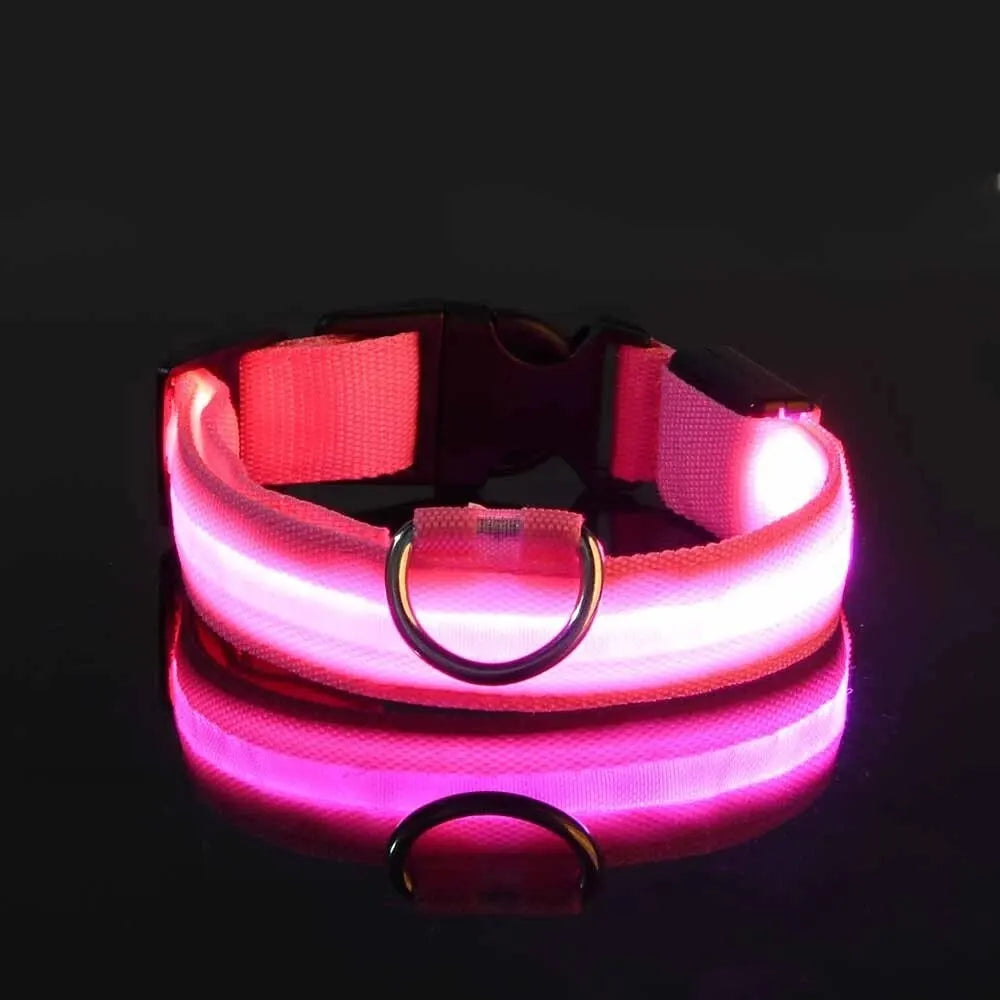 LED Glow-in-the-Dark Dog Leash & Collar for Night Safety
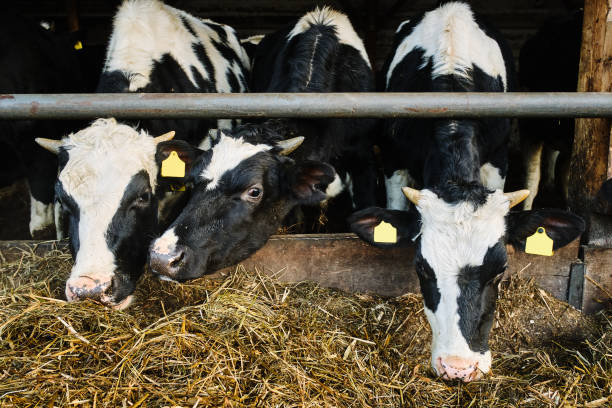 istock Cows in a farm. Dairy cows in a farm 1292778701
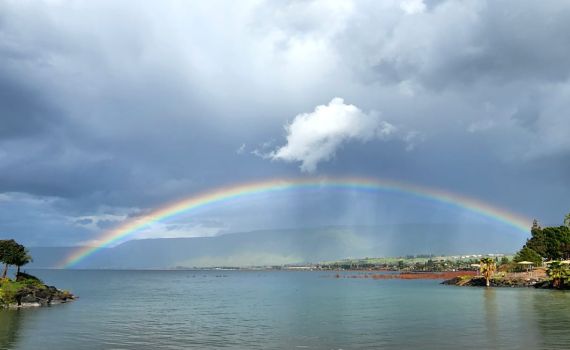 אחרי סופ"ש גשום: מפלס הכנרת רושם קפיצה אדירה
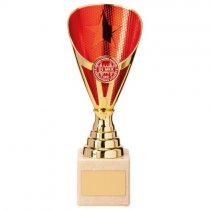 Rising Stars Premium Plastic Trophy | Gold & Red | 200mm | E4293C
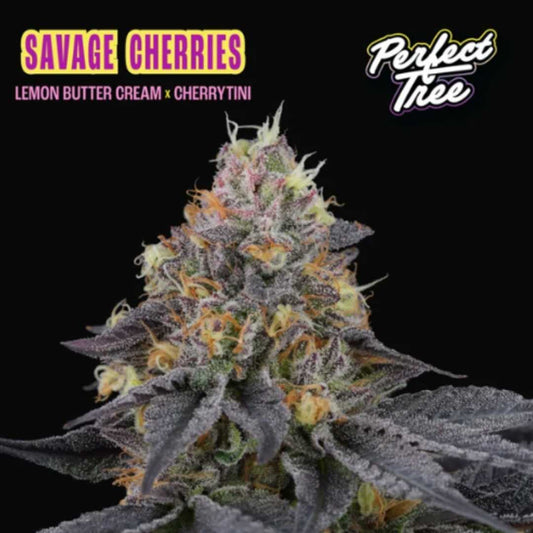 Savage Cherries Blüte mit dichter Harzschicht, violetten Blättern und orangefarbenen Stempeln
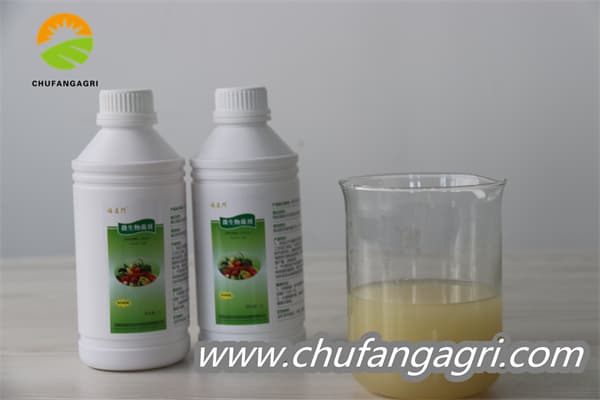 XMD Microbial agent-Bacillus amyloliticus(TKJ)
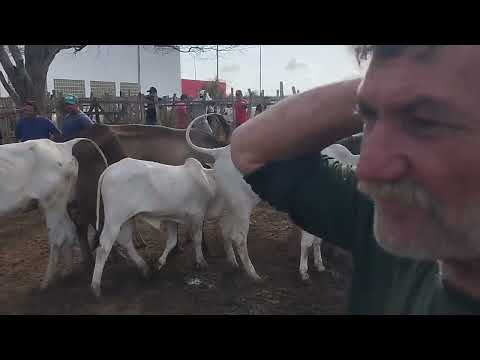 FEIRA DO GADO EM GUARABIRA PARAÍBA HOJE 27/11/2025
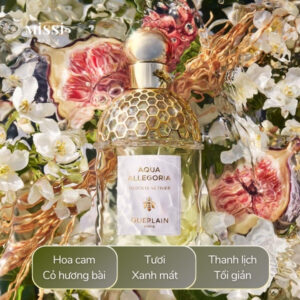 Guerlain-Aqua-Allegoria-Nerolia-Vetiver-EDT-03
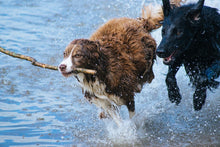 Laden Sie das Bild in den Galerie-Viewer, Fototapete Spielende Hunde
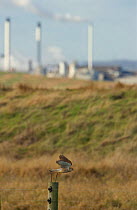 Kestrel (Falco tinnunculus) adult in flight over marshes in front of an urban landscape, Elmley Marshes RSPB Reserve, Kent, UK, February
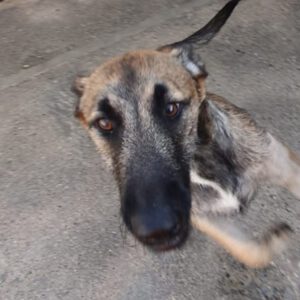Malinois Mischling Viela, 07/2025, Endgröße 65 cm
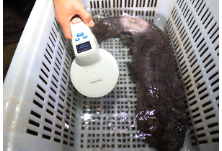 张家界武陵源：救护繁育娃娃鱼 保护生物多样性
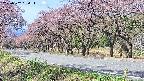 takano5-20250502094114.jpg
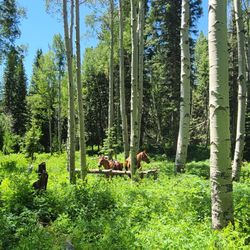 Avalanche Outfitters at Redstone Stables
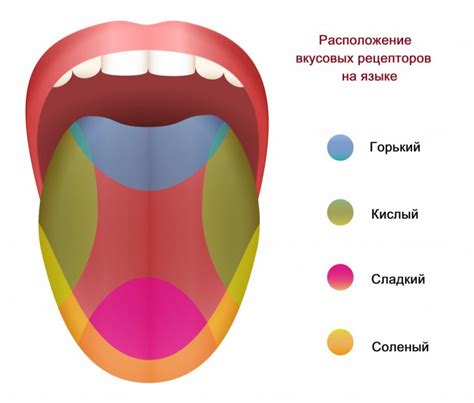 Особенности вкусовых рецепторов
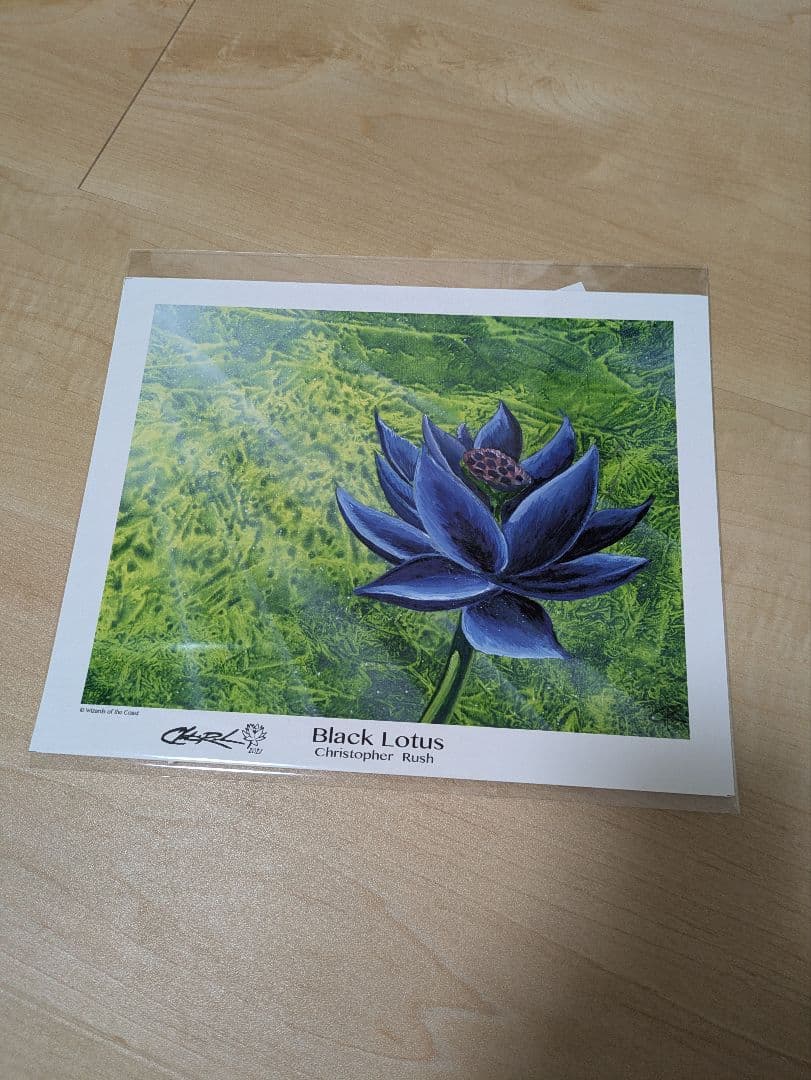 MTG アートプリント　ブラックロータス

ABOUT THIS EXERCISE: Repeat the entries verbatim; no pictures.

FINISHED TASK:
 LED Glow-in-the-Dark Dog Leash & Collar for Night Safety
 istock Cows in a farm. Dairy cows in a farm 1292778701
 אחרי סופ"ש גשום: מפלס הכנרת רושם קפיצה אדירה
 Rising Stars Premium Plastic Trophy | Gold & Red | 200mm | E4293C
 Savage Cherries Blüte mit dichter Harzschicht, violetten Blättern und orangefarbenen Stempeln
 XMD Microbial agent-Bacillus amyloliticus(TKJ)
 FEIRA DO GADO EM GUARABIRA PARAÍBA HOJE 27/11/2025
 Guerlain-Aqua-Allegoria-Nerolia-Vetiver-EDT-03
 Laden Sie das Bild in den Galerie-Viewer, Fototapete Spielende Hunde
 Kestrel (Falco tinnunculus) adult in flight over marshes in front of an urban landscape, Elmley Marshes RSPB Reserve, Kent, UK, February
Malinois Mischling Viela, 07/2025, Endgröße 65 cm
 张家界武陵源：救护繁育娃娃鱼 保护生物多样性
 takano5-20250502094114.jpg
 Avalanche Outfitters at Redstone Stables
 Особенности вкусовых рецепторов
 MTG アートプリント　ブラックロータス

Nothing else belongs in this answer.